When a last-second opportunity arose to visit the new goddaughter in Singapore–little Sophie turned one this past week–I scrambled to find a reasonably-priced airline ticket that didn’t involve a 14-hour layover in Beijing. Laura, my travel agent, didn’t disappoint.
“I have some good news and some bad news,” she said. “I can get you to Singapore for $800 return, including taxes. And the layovers aren’t too long.”
“Great!” I said. “What’s the bad news?”
“The longest segments are on United.”
United, infamous for dragging paying passengers off their aircraft and generally treating their customers with disdain, is a truly awful airline, and I avoid flying it whenever I can.

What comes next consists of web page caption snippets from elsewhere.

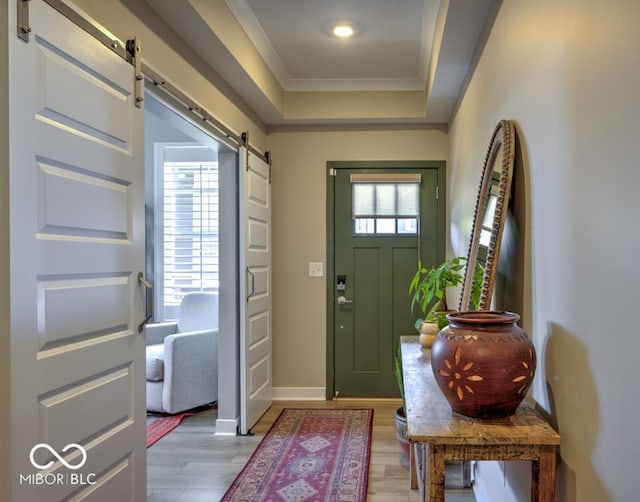 entrance foyer featuring a barn door, a tray ceiling, light wood-style floors, crown molding, and baseboards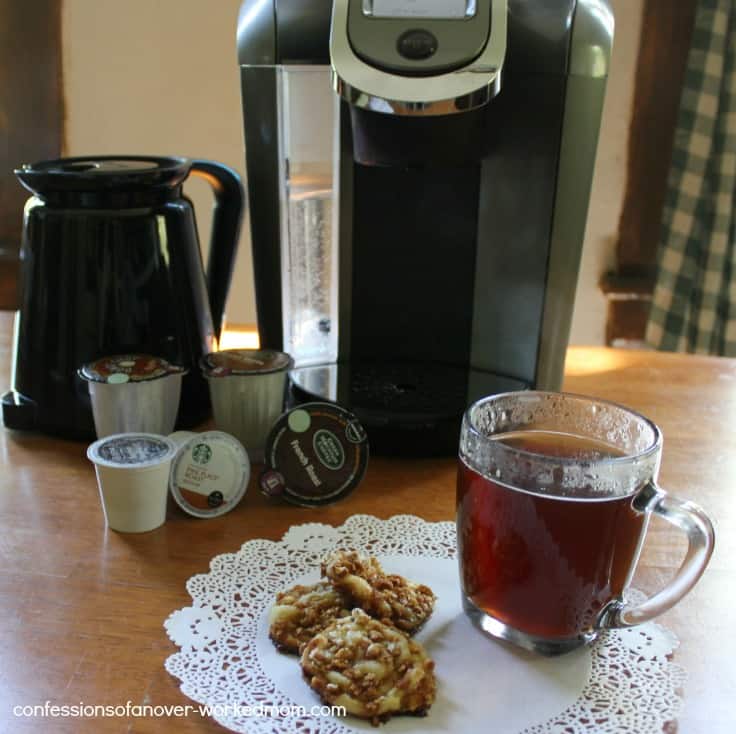 a coffee maker with a cup of coffee and three cookies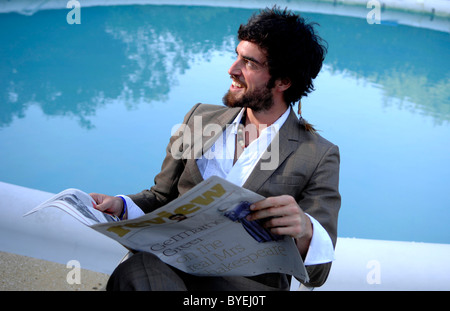 Ein glücklich junger Mann immer am Lächeln und Lachen lesen Papier Swimming Pool Stockfoto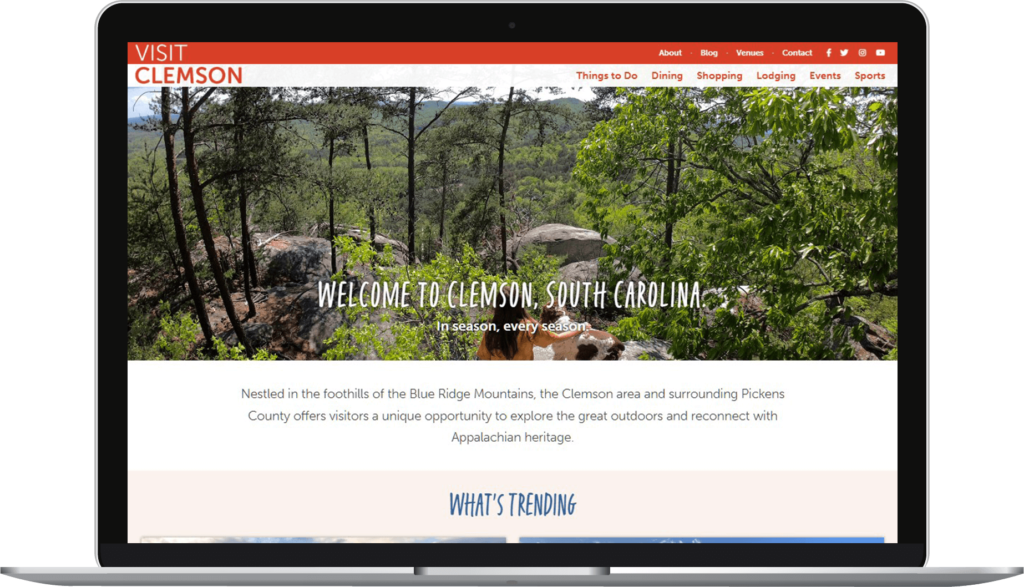 The homepage of the Visit Clemson website displayed on a computer screen.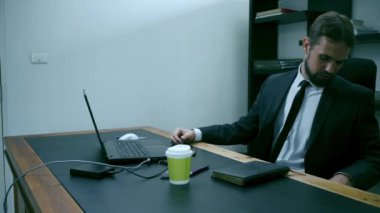 dizüstü bilgisayarın arkasındaki ofiste oturan işadamı vurguladı, erkek işçi telefon ve alır kızgın, yavaş hareket görünüyor.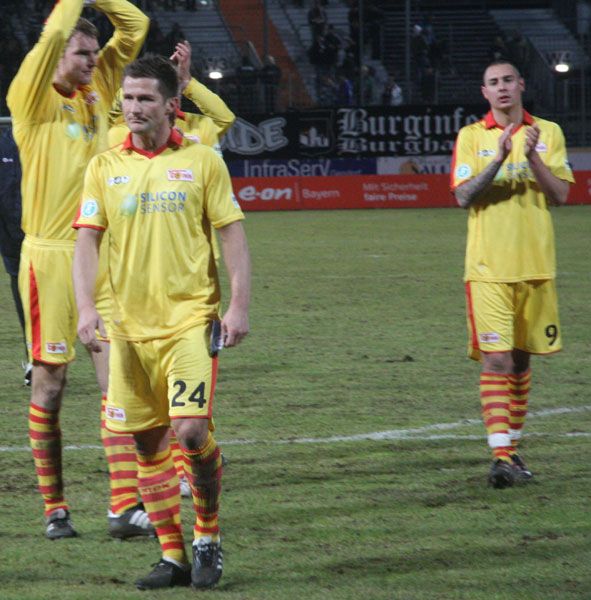 Drei Fußballspieler in gelben Trikots mit roten und gelben Streifen applaudieren auf dem Platz nach einem Spiel.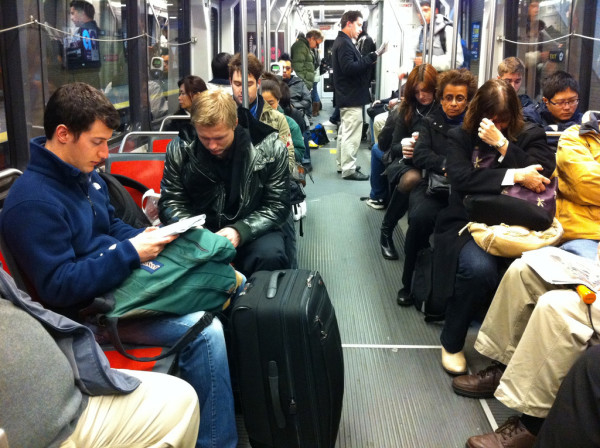 Commuters on a New York Subway. | Photo by David Lytle https://www.flickr.com/photos/dlytle/5456629867/in/photolist-4QCxKX-818fjH-818fr8-81bpAC-9jbDXi-acYk5t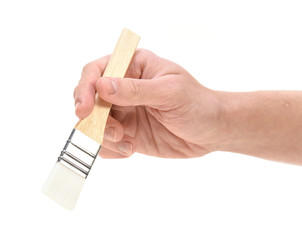 Hand holding brush isolated on white 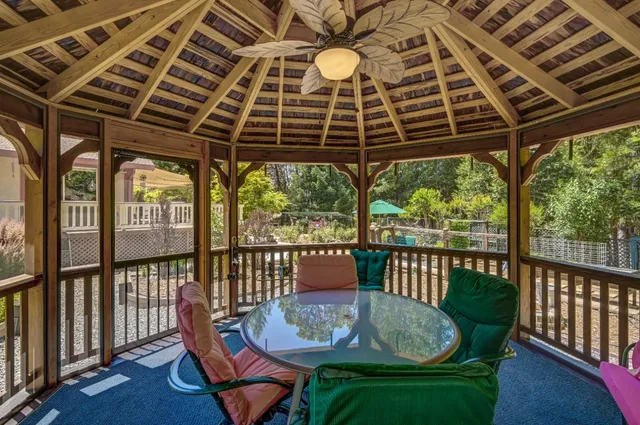 an aerial view of house with yard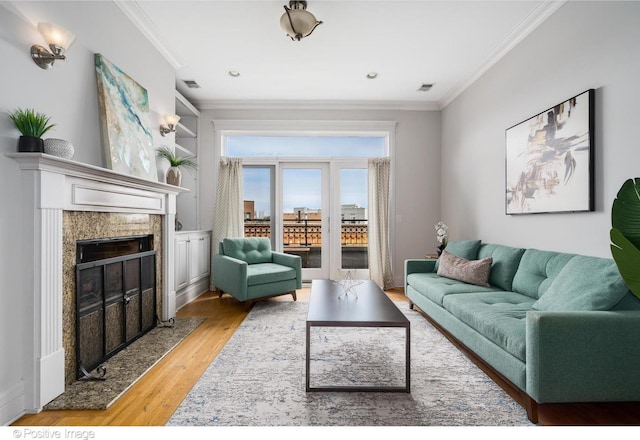 living room with crown molding, light wood-type flooring, and a high end fireplace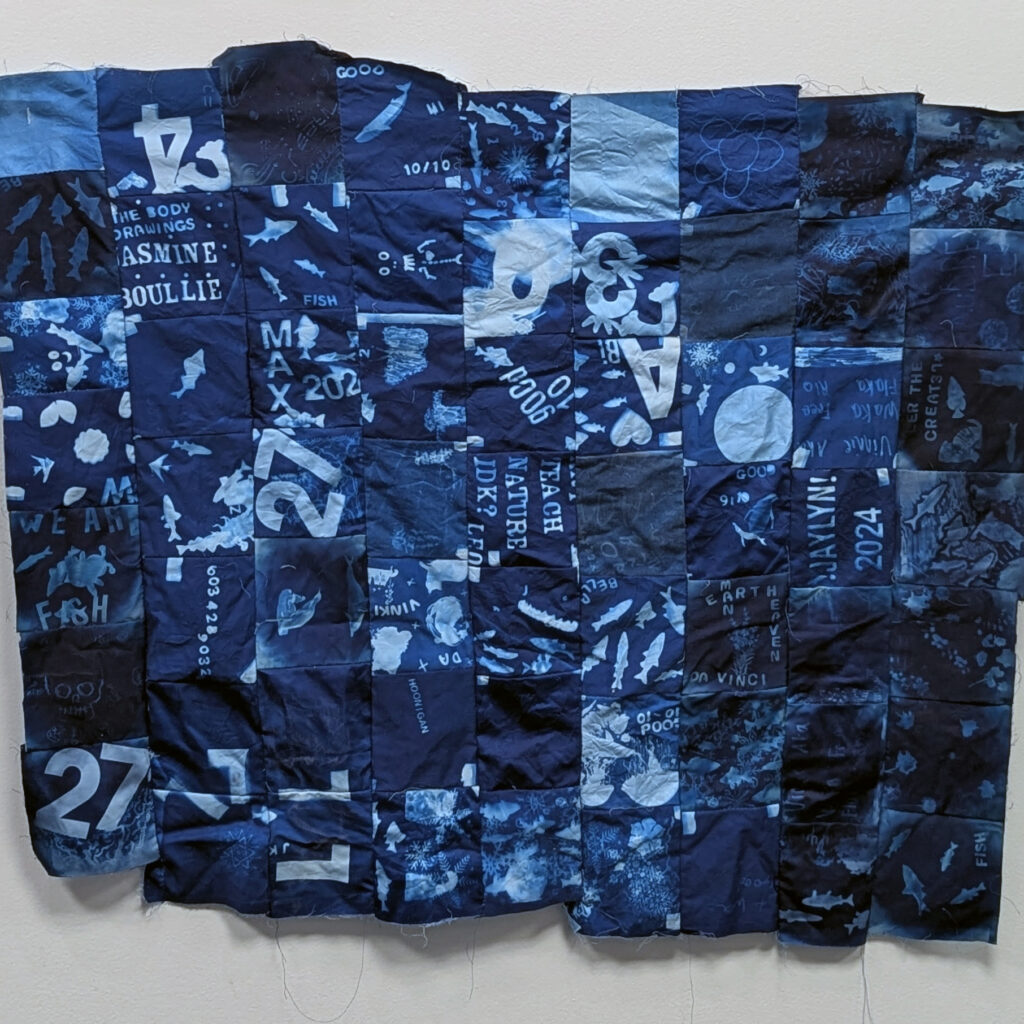 A deep blue cyanotype made with Franklin High School students in response to Ken Burn's Leonardo Da Vinci Documentary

But time was tight and the price was right. Plus frequent flyers know that carriers generally step up their game when it comes to long-haul international service.
“All right,” I said with a sign, “Let’s give it a go.”
The first segment from Toronto to Chicago was perfectly uneventful, just like you’d expect a one-hour trans-border to be. It was the Chicago-Tokyo leg–a 13-hour, 25-minute flight–was where the grossness set in.
I’m not here to complain about the shabby seats on the 777-200 or the tiny 8-inch seatback screen (or United’s requirement that passengers install DRM software if they wish to watch inflight entertainment on their computers. Uh, no) or the inedible glop they pass off as food (which was also gross with a capital G.) No, I want to warn you about the cleanliness of the aircraft.
I had a feeling something was off when I made a quick pre-taxi trip to the loo. Since I was seated next to the restroom, I knew that no one else had been in there since we boarded. Yet it was immediately and abundantly clear that the grooming of the plane was substandard. Let me just say this: stains. And we hadn’t even left the gate yet. Ew.
Once we were in the air, I tried to settle in for a nap. cracking open the shrink-wrapped blanket at my east. Opening it up, I was immediately covered in crumbs left there by some previous passenger. Gross.
I grabbed another shrink-wrapped blanket from a nearby vacant seat. That one smelled. I tried a third time. More crumbs and some other unidentified…bits.
Yes, I know that many airlines do not launder their passenger blankets between uses–if ever (sorry to break the news to you but it’s true). United, though, apparently doesn’t even bother to shake them out before crudely jamming them back into plastic for the next flight.
I kept thinking about this episode of The Simpsons.
Lest you think that I’m gonna be all negative on United, I do have some nice things to say about the flight.
- The flight left on time and arrived 13 minutes early.
- The flight attendants seemed grimly apologetic about the food. They knew that they were serving garbage. When I peeled back the cover on the hideously over-salty-and-peppery powdered scrambled eggs breakfast, the woman gave me a wry smile that said “I know. But what can I do?”
- Er, that’s it.
Contrast that to my connecting flight from Tokyo to Singapore on ANA. The plane was immaculate, the restrooms operating-room clean. The flight crew was attentive and friendly. My blanket was crisply folded and obviously freshly laundered. And the food? Salad, sushi, edamame, a nice potato salad-and-prawn side dish, and a snow crab noodle dish.
Keep in mind that this was a flight on the same $800 ticket.
My return trip is the exact reverse of the outbound flights: SIN-NRT on ANA and then NRT-ORD/ORD-YYZ on United. Suffice to say I will be stocking up on food and Purell. And I’m bringing my own blanket. I suggest that if you’re flying United in the future to do the same.